The size of the fuzzy expansion can be controlled at index time
through wordlist attributes introduced in version 8.1.5.
FUZZY_NUMRESULTS limits the expansion to no more than the specified
number of terms. FUZZY_SCORE limits the expansion size by fuzzy
score. Fuzzy score is a measure of the degree of similarity of the
input term to each result term. This ranges from 50 to 80, with 80
meaning identical. For instance, ?grisam might, internally, expand
to:
Word Fuzzy Score
------- -----------
Grisham 73
Grissom 66
Gresham 65
Graham 56
Setting FUZZY_SCORE limits the expansion terms to those with a fuzzy score
equal to or greater than the specified value. If in our example we set
FUZZY_SCORE to 70, ?Grisham would expand only to Grisham.
Query-time control over these limits was introduced in version
8.1.6, although this new feature was not documented in the official
documentation nor in the interMedia Text 8.1.6 Technical Overview.

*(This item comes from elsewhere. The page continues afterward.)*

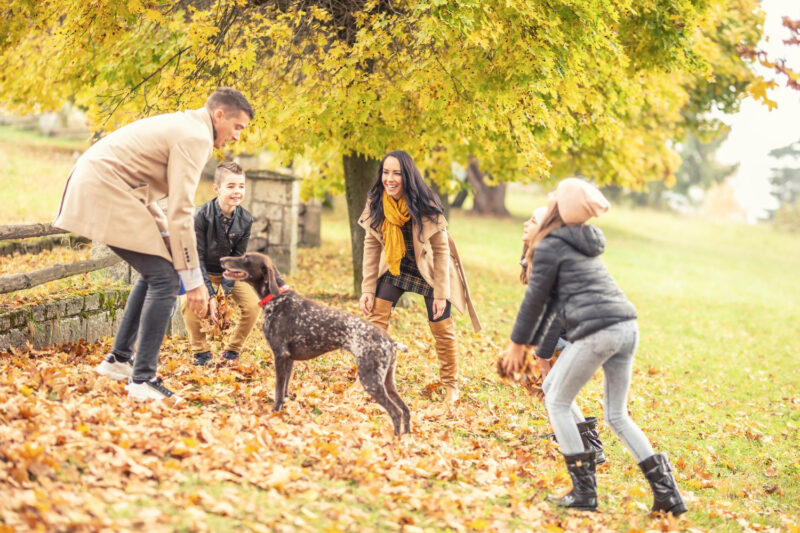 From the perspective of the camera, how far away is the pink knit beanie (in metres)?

The FUZZY function was expanded with two parameters for specification
of fuzzy score threshhold or numresults limit:
FUZZY(term [, fuzzy_score [, fuzzy_numresults]])
For instance,
FUZZY(term)
uses the index-time wordlist attribute limits. However,
FUZZY(term, 65)
overrides the index-time setting of FUZZY_SCORE and uses 65 as the fuzzy score
threshhold. Similarly,
FUZZY(term,,15)
overrides the index-time setting of FUZZY_NUMRESULTS and instead limits the
size of the expansion to 15 terms.
Although you could limit the terms by fuzzy score, the contains
score of the FUZZY function still reflected only the term frequency of
the expanded word -- there was no way to find documents containing
words similar to X, and order them by similarity to the input term.
So, in 8.1.7, a new parameter has been added to the FUZZY function:
FUZZY(term [, fuzzy_score [, fuzzy_numresults [, weight]]])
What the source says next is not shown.